Montana's laws defining sexual assault and sexual intercourse without consent are antiquated, according to a bill introduced by a Missoula legislator before the House Judiciary Committee on Friday.

Democrat Diane Sands of Missoula introduced SB 29 after closely examining the wording in Montana's current laws defining sexual crimes.

"Out of every thousand sexual assaults, very few of them are ever charged, fewer are ever prosecuted, and fewer yet are even convicted," Sands said. "This bill recognizes the modern research on how victims of sexual crimes react. What really happens in a sexual assault is that the victim doesn't run or fight back, but freezes. The perpetrator is usually known to the victim  and it's most often in a home, and there is no use of force. For that reason some cases have gone all the way to the Montana Supreme Court and the defendant has gone free. This bill tries to address that particular issue."
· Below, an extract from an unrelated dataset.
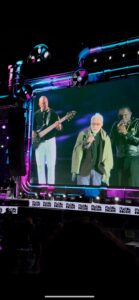 Henrique & Juliano emocionam 60 mil pessoas em noite de surpresas no Itaquá Rodeio Fest Música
Attorney General Tim Fox appeared before the committee and explained the new definition of sexual assault within Senate Bill 29.
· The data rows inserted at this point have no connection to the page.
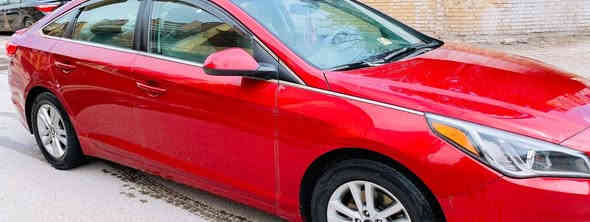 السلام عليكم 
سياره للبيع نوع هونداي سوناتا 
موديل 2016 
رقم بغداد حره مشروع وطني تحويل مباشر سنويه 
وارد امريكي 
حادثها طخه كلش خفيفه بخشم البنيد فقط و وصوره الحادث دعامية 
مكينه ٢٤٠٠ 
كير اوتوماتيك 
نظام قيادة  3️⃣ ( أيكو - سبورت - عادي )
شاشه + كامره 
تحكم ستيرن جهتين 
تبريد منظومه كامله جديده ثلج 
صدر جديد 
تايرات نظيفه اصليه 
ماشيه ١٣٠ الف فقط
كشنات مخمل 
داخل لونين رصاصي واسود 
وسعرها 120 وبيها مجال بسيط 
وبالعافيه ع التصير من نصيبه السياره جاهزه بمعنى الكلمه الف دينار متصرف عليها ومكانها  بغداد 
وهذا رقمي *********** واتساب

غير متواجد في الفيس بغداد
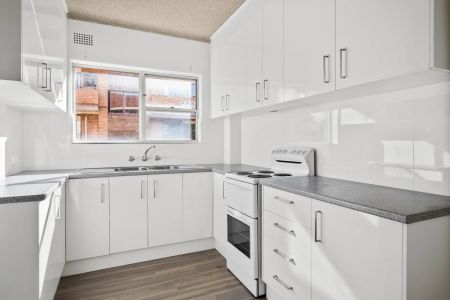 Located in the heart of the CBD - Photo 2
"Consent means words or overt actions indicating a freely given agreement to have sexual intercourse or sexual contact," Fox began. "The bill goes on to further clarify that several common myths that have been used for years to infer that the victim was asking to be raped because of the way that they were dressed or because of a previous relationships, do not in and of themselves mean that consent was given. Instead, the bill requires that law enforcement, indeed courts and juries, look at all the surrounding facts and circumstances, including expressions of lack of consent through words or conduct."

Deputy Missoula County Attorney Jennifer Clark testified that in her over 14 years of prosecuting sexual assault, she and her fellow attorneys have been hampered by Montana's antiquated sexual assault legal language.

"Under our current statute, we have to prove that defendant had sexual intercourse, that he did so knowingly, and that he knew that the victim wasn't consenting , and that's usually where we get tripped up," Clark said. "Without consent is currently defined as that the victim was compelled to submit by force."

In the second and third readings of the bill, it passed unanimously.